## Data extracts
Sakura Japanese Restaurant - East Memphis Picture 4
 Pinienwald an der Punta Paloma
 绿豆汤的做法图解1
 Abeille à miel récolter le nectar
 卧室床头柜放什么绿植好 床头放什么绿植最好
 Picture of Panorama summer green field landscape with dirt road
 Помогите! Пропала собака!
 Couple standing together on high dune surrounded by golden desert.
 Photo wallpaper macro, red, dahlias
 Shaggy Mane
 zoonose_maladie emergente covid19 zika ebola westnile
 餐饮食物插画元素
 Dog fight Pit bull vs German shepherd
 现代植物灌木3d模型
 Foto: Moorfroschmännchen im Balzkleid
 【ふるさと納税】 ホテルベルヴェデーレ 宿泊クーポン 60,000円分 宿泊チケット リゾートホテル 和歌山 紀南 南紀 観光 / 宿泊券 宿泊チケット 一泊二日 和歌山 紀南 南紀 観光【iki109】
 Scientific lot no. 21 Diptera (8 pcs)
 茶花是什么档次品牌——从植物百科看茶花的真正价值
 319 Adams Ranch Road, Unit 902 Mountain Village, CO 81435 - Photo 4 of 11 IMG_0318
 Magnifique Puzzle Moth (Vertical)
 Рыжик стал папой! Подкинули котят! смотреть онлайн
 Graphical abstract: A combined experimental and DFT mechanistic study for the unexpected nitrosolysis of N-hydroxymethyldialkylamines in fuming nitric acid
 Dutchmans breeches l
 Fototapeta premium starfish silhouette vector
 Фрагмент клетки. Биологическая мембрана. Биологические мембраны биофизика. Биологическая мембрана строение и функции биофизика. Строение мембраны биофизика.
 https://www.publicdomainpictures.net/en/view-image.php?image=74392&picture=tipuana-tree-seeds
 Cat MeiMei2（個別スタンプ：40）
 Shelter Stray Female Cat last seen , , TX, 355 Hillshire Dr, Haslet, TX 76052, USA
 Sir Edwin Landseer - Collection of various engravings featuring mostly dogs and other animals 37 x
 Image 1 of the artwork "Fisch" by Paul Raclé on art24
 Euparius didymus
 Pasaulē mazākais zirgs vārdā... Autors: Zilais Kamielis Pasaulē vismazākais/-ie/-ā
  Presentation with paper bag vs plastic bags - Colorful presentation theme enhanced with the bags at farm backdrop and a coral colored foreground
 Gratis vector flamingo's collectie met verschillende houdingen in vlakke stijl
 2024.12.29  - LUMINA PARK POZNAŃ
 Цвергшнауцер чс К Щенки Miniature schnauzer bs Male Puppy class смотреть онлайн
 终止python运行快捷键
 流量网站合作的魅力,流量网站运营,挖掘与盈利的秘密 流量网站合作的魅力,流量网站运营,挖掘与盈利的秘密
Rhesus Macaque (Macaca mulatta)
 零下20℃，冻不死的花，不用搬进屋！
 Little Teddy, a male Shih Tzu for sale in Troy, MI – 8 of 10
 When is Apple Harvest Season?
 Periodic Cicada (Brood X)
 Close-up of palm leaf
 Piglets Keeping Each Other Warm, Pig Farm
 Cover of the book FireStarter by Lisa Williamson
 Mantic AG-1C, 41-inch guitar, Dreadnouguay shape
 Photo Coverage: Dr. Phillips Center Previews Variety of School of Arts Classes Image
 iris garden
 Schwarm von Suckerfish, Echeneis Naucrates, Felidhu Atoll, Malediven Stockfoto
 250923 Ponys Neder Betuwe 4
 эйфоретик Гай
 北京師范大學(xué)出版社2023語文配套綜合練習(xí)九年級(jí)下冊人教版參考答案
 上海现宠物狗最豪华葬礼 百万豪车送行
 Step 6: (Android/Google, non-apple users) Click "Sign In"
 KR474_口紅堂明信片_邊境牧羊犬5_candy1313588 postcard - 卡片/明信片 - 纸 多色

## Activity
Copy the entries word for word. Start at the first line and end with the line containing "Shaggy Mane".

## Answer for this exercise
Sakura Japanese Restaurant - East Memphis Picture 4
 Pinienwald an der Punta Paloma
 绿豆汤的做法图解1
 Abeille à miel récolter le nectar
 卧室床头柜放什么绿植好 床头放什么绿植最好
 Picture of Panorama summer green field landscape with dirt road
 Помогите! Пропала собака!
 Couple standing together on high dune surrounded by golden desert.
 Photo wallpaper macro, red, dahlias
 Shaggy Mane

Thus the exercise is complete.